**Task details:** Each entry below is to be reproduced exactly, though any pictures it holds must be omitted.

**Data excerpts:**
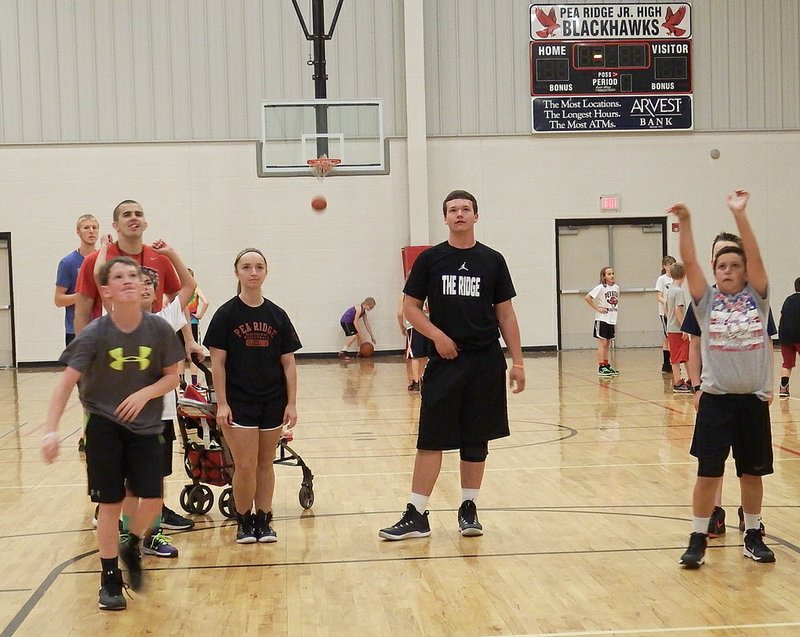 TIMES file photograph During the 2015 Little &#8217;Hawks basketball camp, then junior Blackhawk Chandler Tidwell and senior Melanie Beehler were two of the coaches.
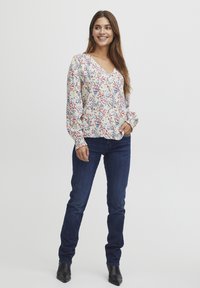 Blusa floreale con maniche lunghe e scollo a V, caratterizzata da uno sfondo bianco e motivi rossi, blu e verdi. Abbinata a jeans blu scuro.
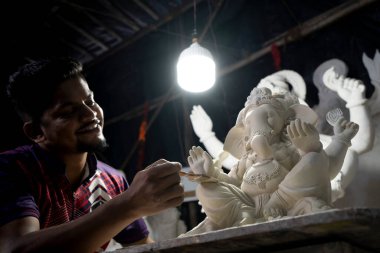 Mumbai, Hindistan 29 Ağustos 2023 Ganesha 'da Ganesha Chaturthi Festivali' nin önünde Ganesha renkli Ganesha idolü üzerinde çalışan bir sanatçı.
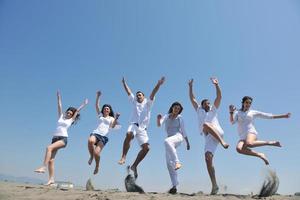 grupo de gente feliz divertirse y correr en la playa foto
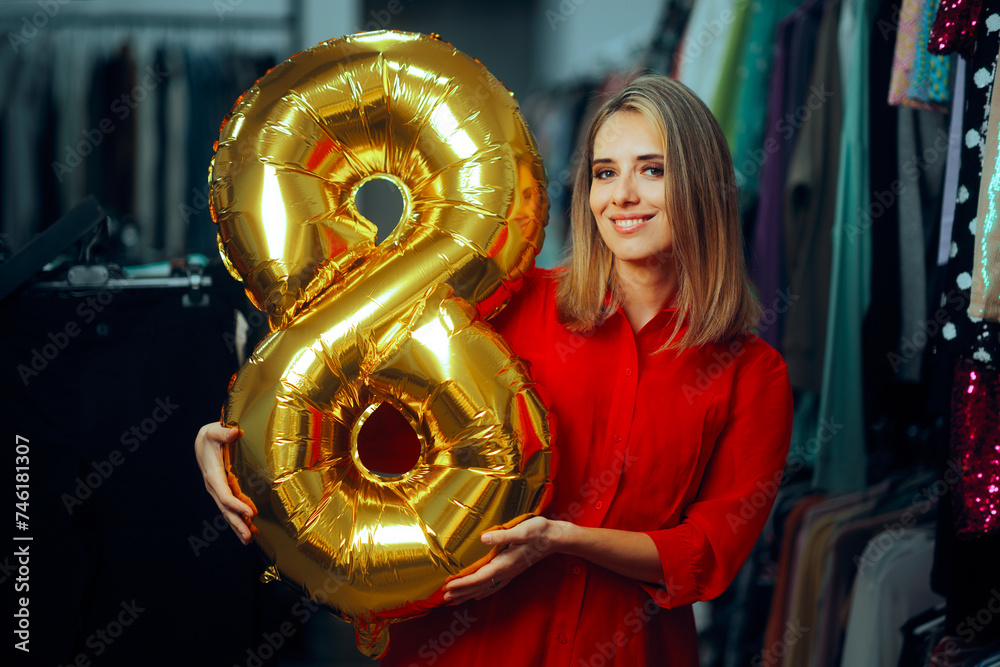 Happy Woman Celebrating 8th of March in a Fashion Store. Lady enjoying international women’s day shopping for presents 
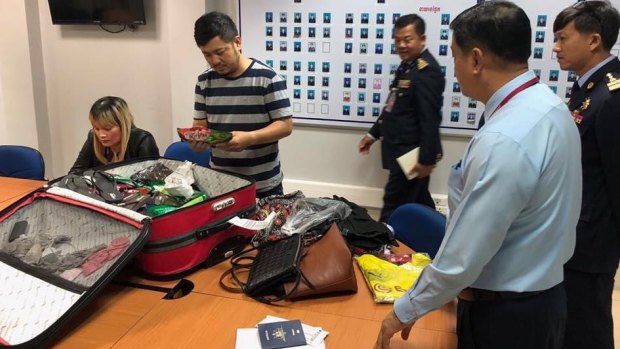 Australian Federal Police played a key role in the arrest of 39-year-old Ve Thi Tran, far left, on Saturday morning as she was about to fly to Australia via Hong Kong. 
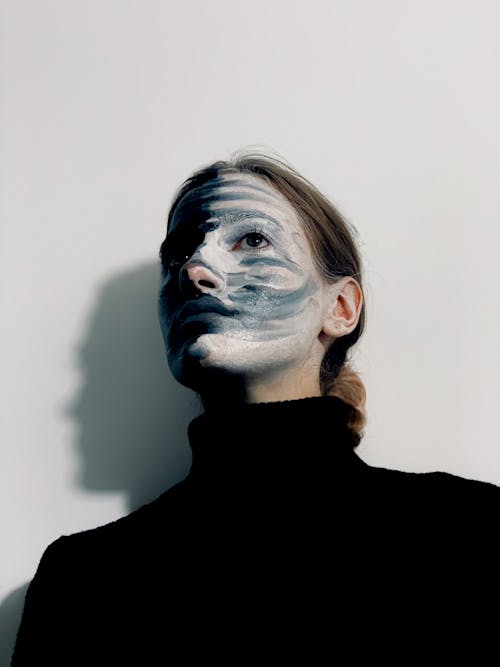From below of calm strange female with paints on face wearing black turtleneck looking away while standing against white background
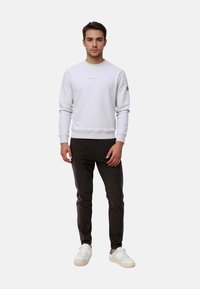 Light gray sweatshirt with ribbed cuffs and hem, featuring a subtle logo on the front. Paired with dark slim-fit pants and white sneakers.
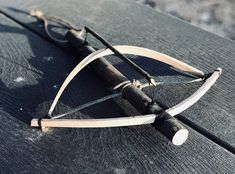 an old bow and arrow on a wooden table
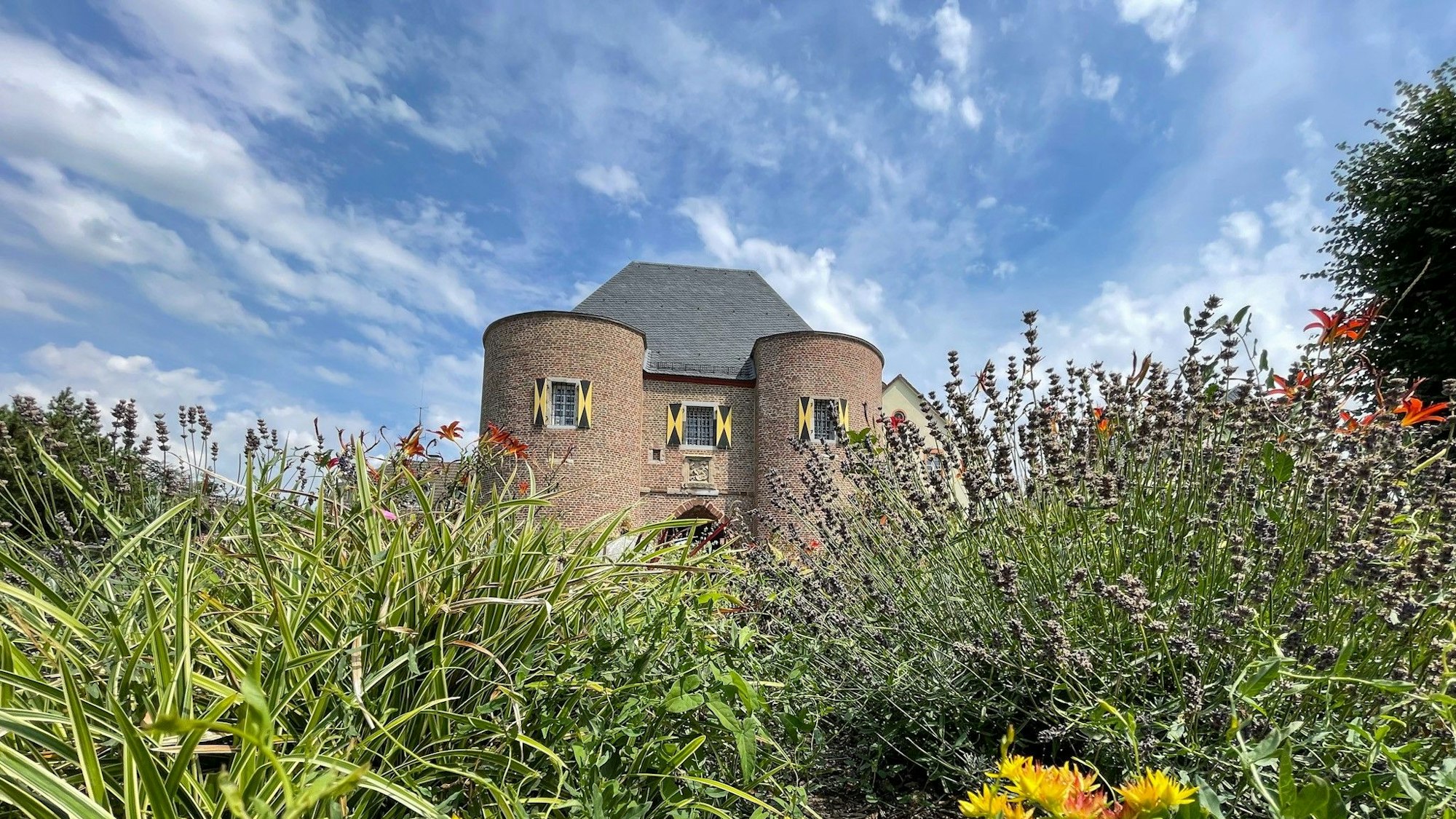 Das Aachener Tor in Bergheim vor blauem Himmel. Im Vordergrund eine blühende Wiese.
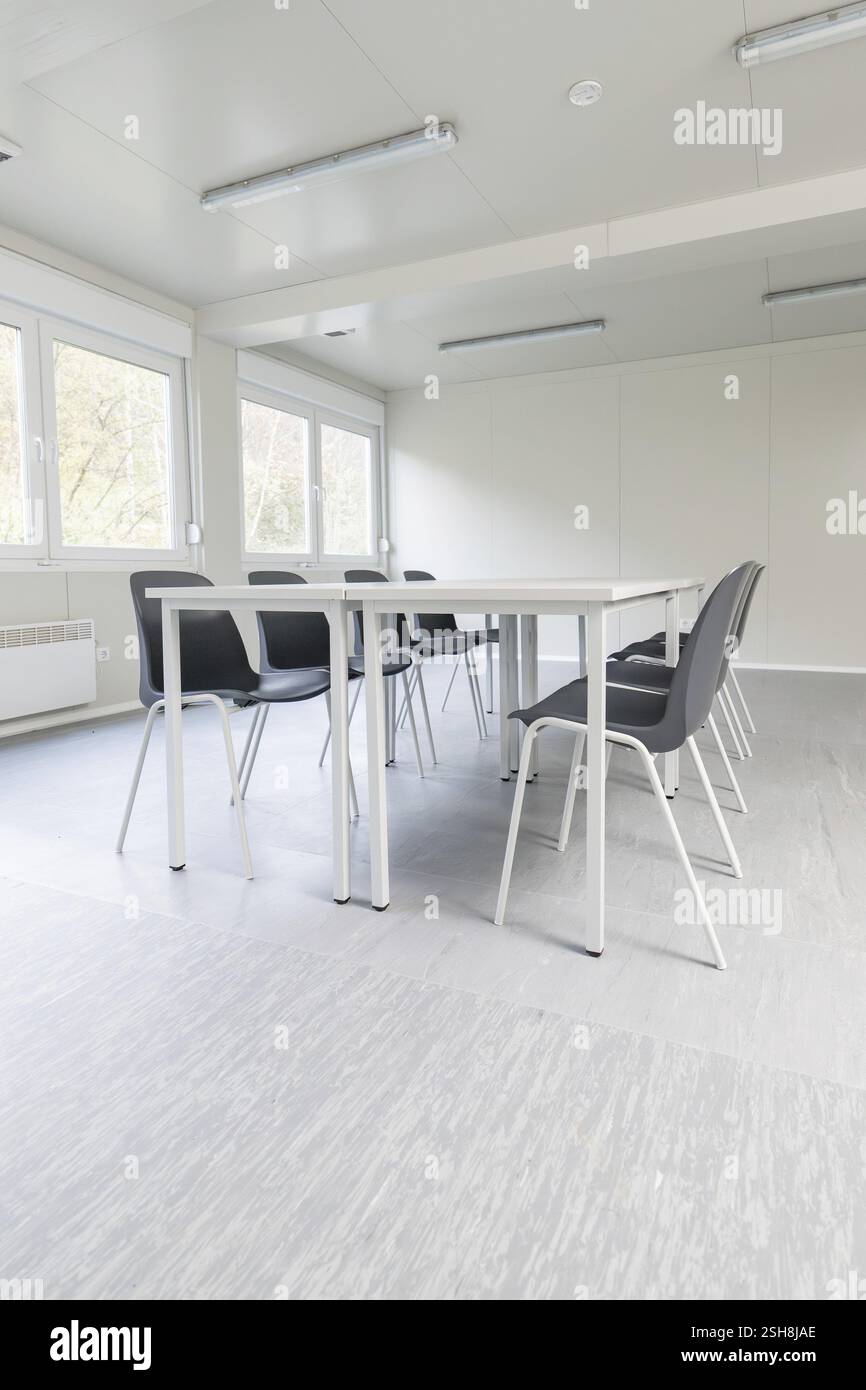 Luminosa sala riunioni con sedie e tavoli moderni, grandi finestre e colori neutri, sistemazione per rifugiati di BeerMiss, Calmbach, Foresta Nera, Germania Foto Stock
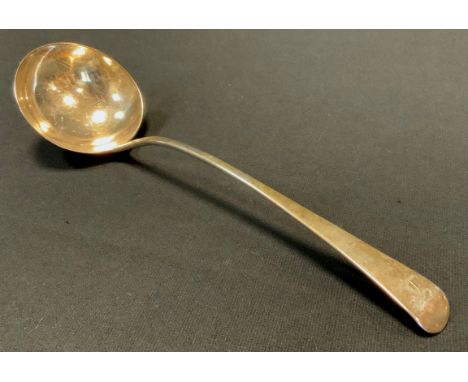 A George III silver soup ladle, the handle engraved with a Fist grasping a Scorpion, Thomas Wallis II, London 1806, 5.47ozt 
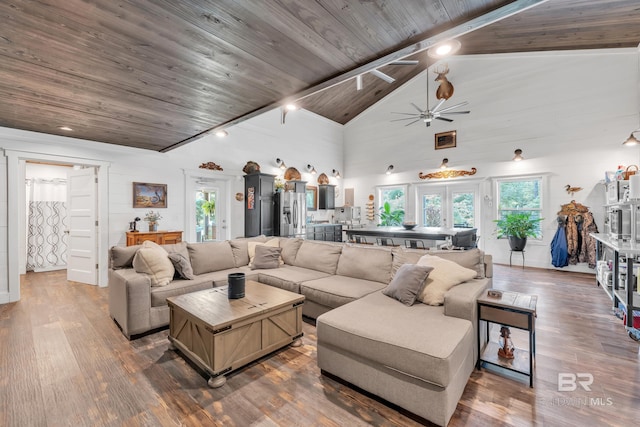 30857 Cypress St, Perdido Beach, AL 36530 - living room featuring dark wood-type flooring, ceiling fan, a wooden ceiling with exposed beams, and high vaulted ceiling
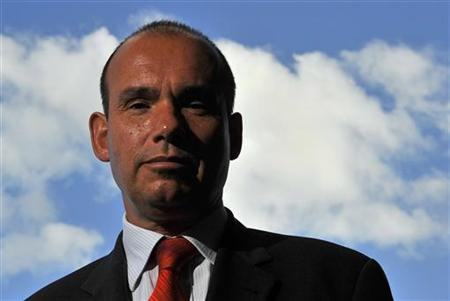 Former CEO of Olympus Michael Woodford poses for a photograph in central London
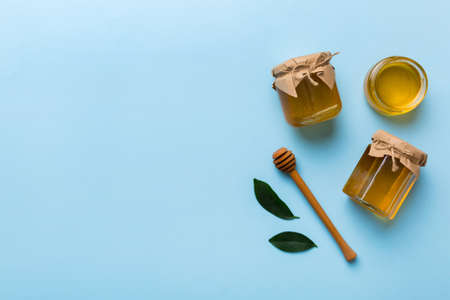 Honey jar with wooden honey dipper on white background top view with copy space. Delicious honey...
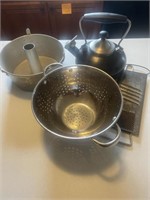 Colander, angel food cake pan, tea pot, food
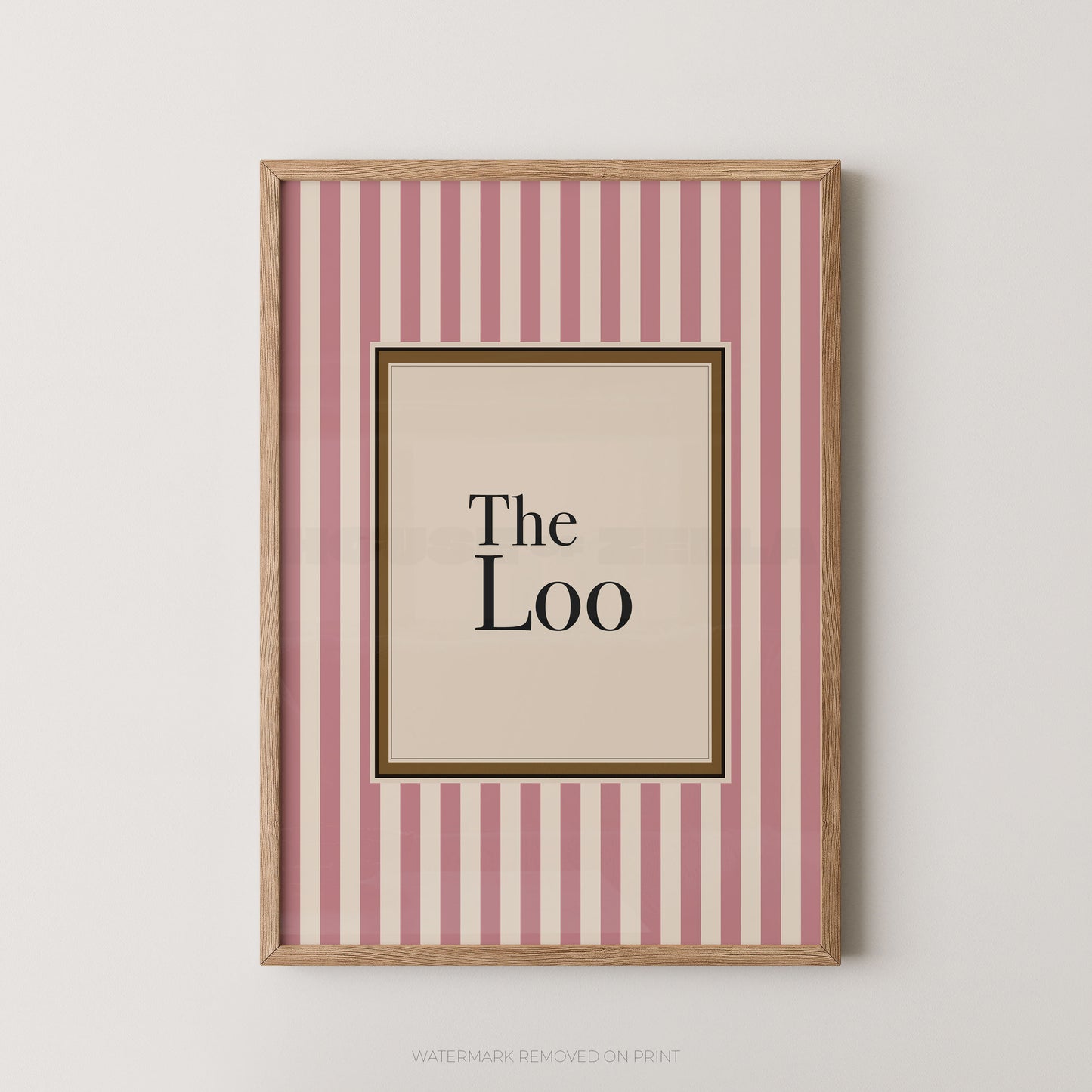 Framed artwork with 'The Loo' text on a pink and white striped background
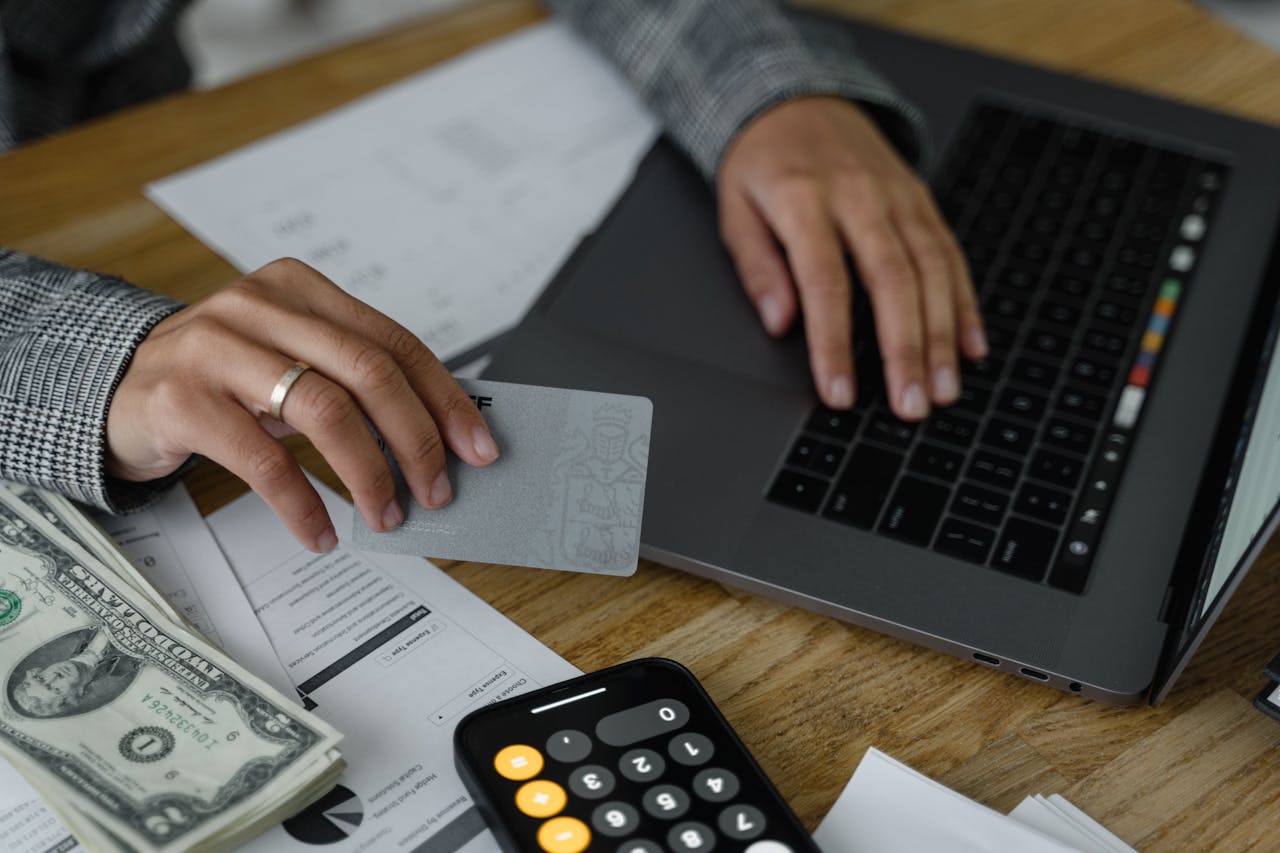 Close-up of a person using a credit card and laptop in a financial setting with cash and calculator.
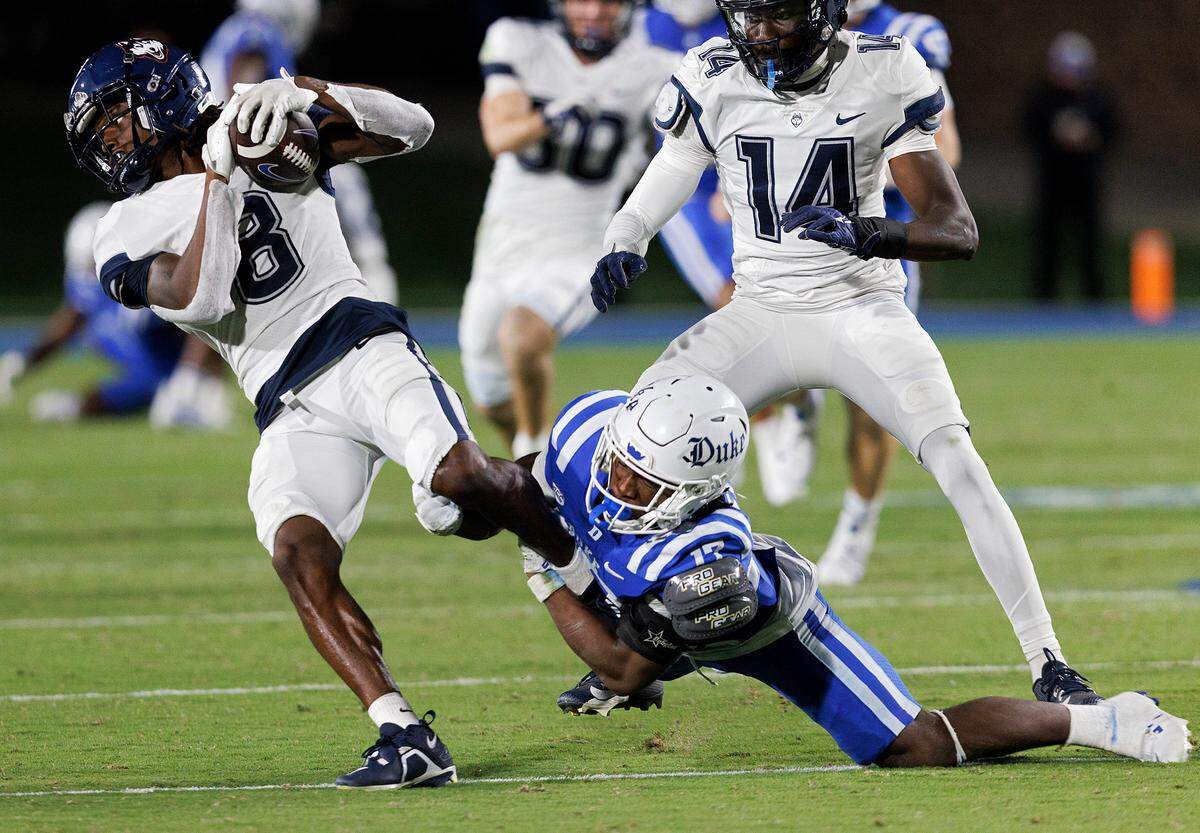 Duke’s Vontae Floyd tackles Connecticut’s TJ Sheffield during the second half of the Blue Devils’ 26-21 win on Saturday, Sept. 14, 2024, at Wallace Wade Stadium in Durham, N.C.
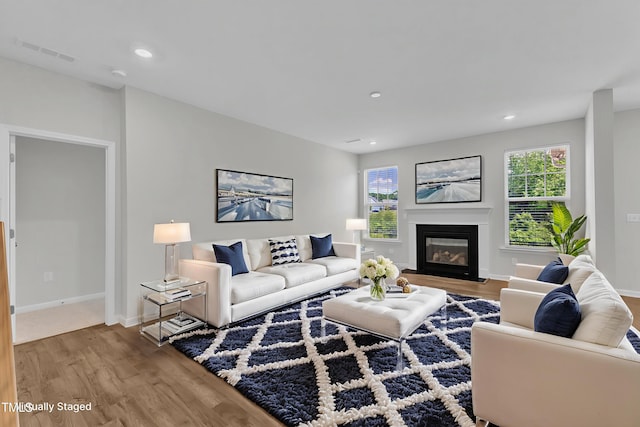 2100 Curry Meadow Way, Durham, NC 27703 - living room with wood finished floors, a glass covered fireplace, healthy amount of natural light, and recessed lighting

**Exercise solution:**
 TIMES file photograph During the 2015 Little &#8217;Hawks basketball camp, then junior Blackhawk Chandler Tidwell and senior Melanie Beehler were two of the coaches.
 Blusa floreale con maniche lunghe e scollo a V, caratterizzata da uno sfondo bianco e motivi rossi, blu e verdi. Abbinata a jeans blu scuro.
 Mumbai, Hindistan 29 Ağustos 2023 Ganesha 'da Ganesha Chaturthi Festivali' nin önünde Ganesha renkli Ganesha idolü üzerinde çalışan bir sanatçı.
 grupo de gente feliz divertirse y correr en la playa foto
 Happy Woman Celebrating 8th of March in a Fashion Store. Lady enjoying international women’s day shopping for presents 
 Australian Federal Police played a key role in the arrest of 39-year-old Ve Thi Tran, far left, on Saturday morning as she was about to fly to Australia via Hong Kong. 
From below of calm strange female with paints on face wearing black turtleneck looking away while standing against white background
 Light gray sweatshirt with ribbed cuffs and hem, featuring a subtle logo on the front. Paired with dark slim-fit pants and white sneakers.
 an old bow and arrow on a wooden table
 Das Aachener Tor in Bergheim vor blauem Himmel. Im Vordergrund eine blühende Wiese.
 Luminosa sala riunioni con sedie e tavoli moderni, grandi finestre e colori neutri, sistemazione per rifugiati di BeerMiss, Calmbach, Foresta Nera, Germania Foto Stock
 A George III silver soup ladle, the handle engraved with a Fist grasping a Scorpion, Thomas Wallis II, London 1806, 5.47ozt 
 30857 Cypress St, Perdido Beach, AL 36530 - living room featuring dark wood-type flooring, ceiling fan, a wooden ceiling with exposed beams, and high vaulted ceiling
 Former CEO of Olympus Michael Woodford poses for a photograph in central London
 Honey jar with wooden honey dipper on white background top view with copy space. Delicious honey...
 Colander, angel food cake pan, tea pot, food
 Framed artwork with 'The Loo' text on a pink and white striped background
 Close-up of a person using a credit card and laptop in a financial setting with cash and calculator.
 Duke’s Vontae Floyd tackles Connecticut’s TJ Sheffield during the second half of the Blue Devils’ 26-21 win on Saturday, Sept. 14, 2024, at Wallace Wade Stadium in Durham, N.C.
 2100 Curry Meadow Way, Durham, NC 27703 - living room with wood finished floors, a glass covered fireplace, healthy amount of natural light, and recessed lighting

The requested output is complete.